These reflections came back to me this morning as I read about last week's suicide of a 27-year-old computer programmer named Bill Zeller. Caught up in the horror of the Arizona shootings, I'd somehow missed this smaller-scale tragedy that took place just days earlier and continues to ripple through the blogosphere. In a 4,000 line suicide letter, Zeller -- a Princeton graduate student whose creations included the MyTunes application, which facilitated iTunes music sharing -- matter-of-factly recounts his history of childhood sexual abuse and its seemingly inescapable after effects, culminating in the recent decision to end his own life. It's a harrowing recital, all the more haunting because it so clearly displays both Zeller's keen intelligence and a deep and abiding sorrow for all he missed and lost.

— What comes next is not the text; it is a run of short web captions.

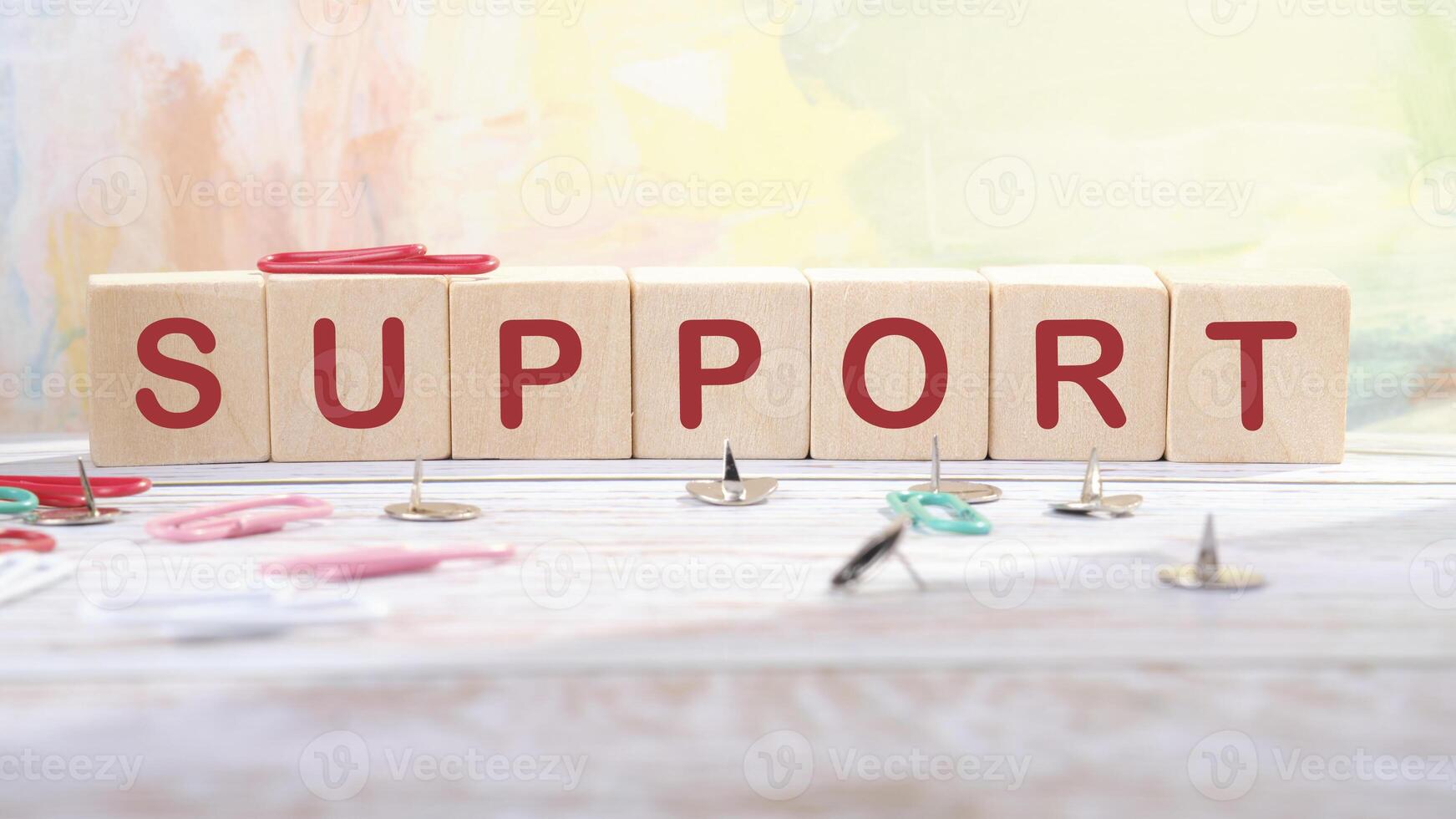 The concept word SUPPORT has been collected of wooden cubes on an abstract background. Business and SUPPORT concept. Copy space photo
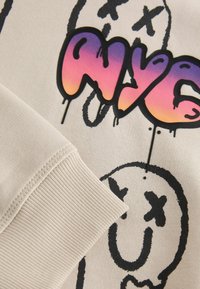 Gros plan sur un tissu beige avec un bord-côte, des lettres style graffiti en violet et orange, et le contour noir d'un visage souriant avec des yeux barrés.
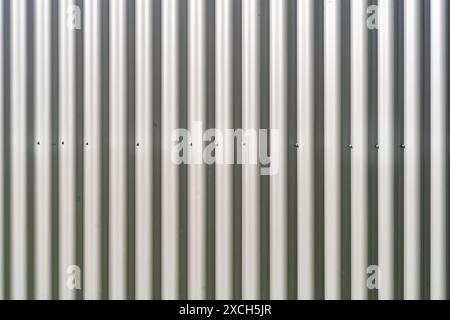 Corrugated metallic cover sheets, attatched with bolts to an industrial container for protection. Background use. Stock Photo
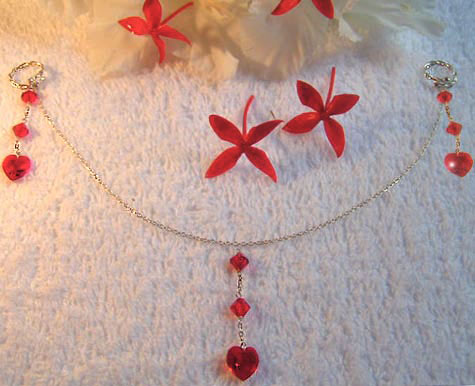 Non-piercing silver nipple chains with braided rings and Swarovski love hearts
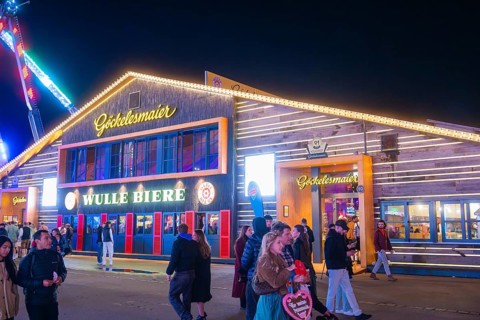Illuminated building at night at the funfair with people passing by, Cannstatter Wasen funfair,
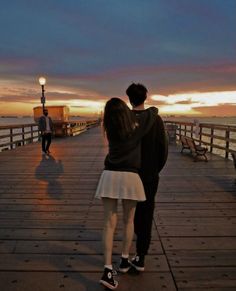 a man and woman standing on a pier next to the ocean at sunset or dawn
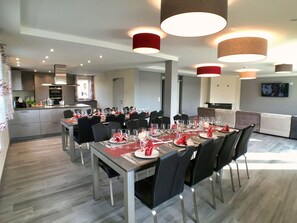 Enjoy meals in this dining area with a long table and comfortable seating for all.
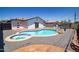 Backyard featuring a kidney-shaped pool with an attached spa and modern white-painted home at 1011 W Weldon Ave, Phoenix, AZ 85013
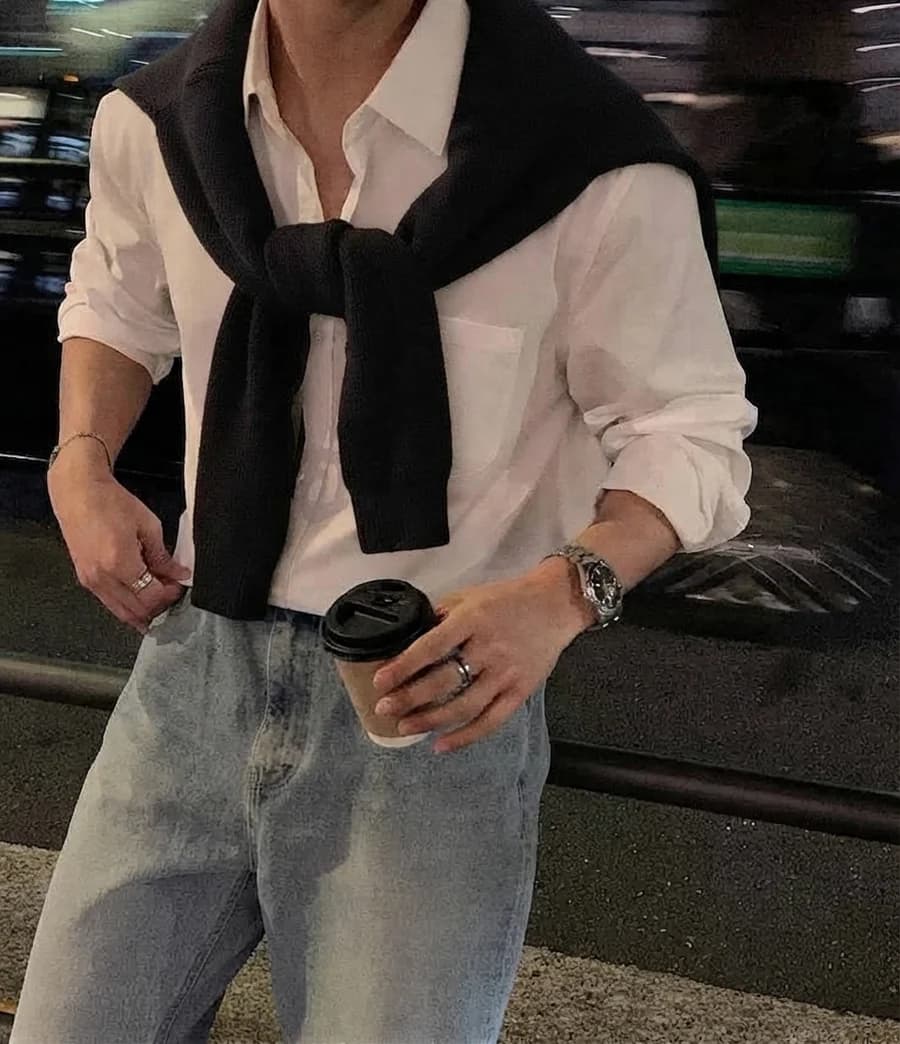 Men's spring outfit: white shirt with a sweater over the shoulders and light denim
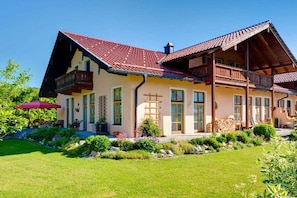 A two-story house with a red-tiled roof, a balcony, and a garden in front. - Holiday apartment with 2 bedrooms (Bischofswiesen)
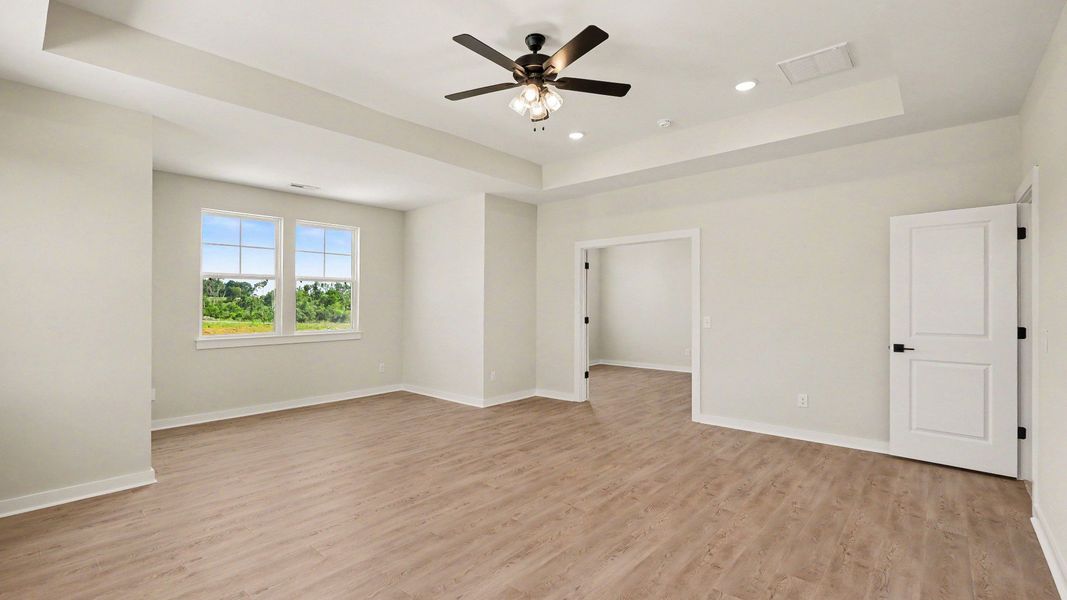 Second Floor primary bedroom with hardwood flooring, tray ceiling, and view of connected private study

I won't quote from the letter -- while he intended it as a public document, Zeller asked that it only be reprinted in its entirety, and I urge you to read it in that form -- but suffice it to say that it reflects tremendous fortitude in the face of unremitting and pervasive torment, a pain that Zeller carried with him throughout his too-short life. I wish Zeller had sought help. I wish he'd had it in him to do things differently. But I understand why he didn't. A resilience superstar like Viktor Frankl might have found another way, but not all of us have that strength. I mourn for Bill Zeller -- for all of us -- but in no way can I blame him.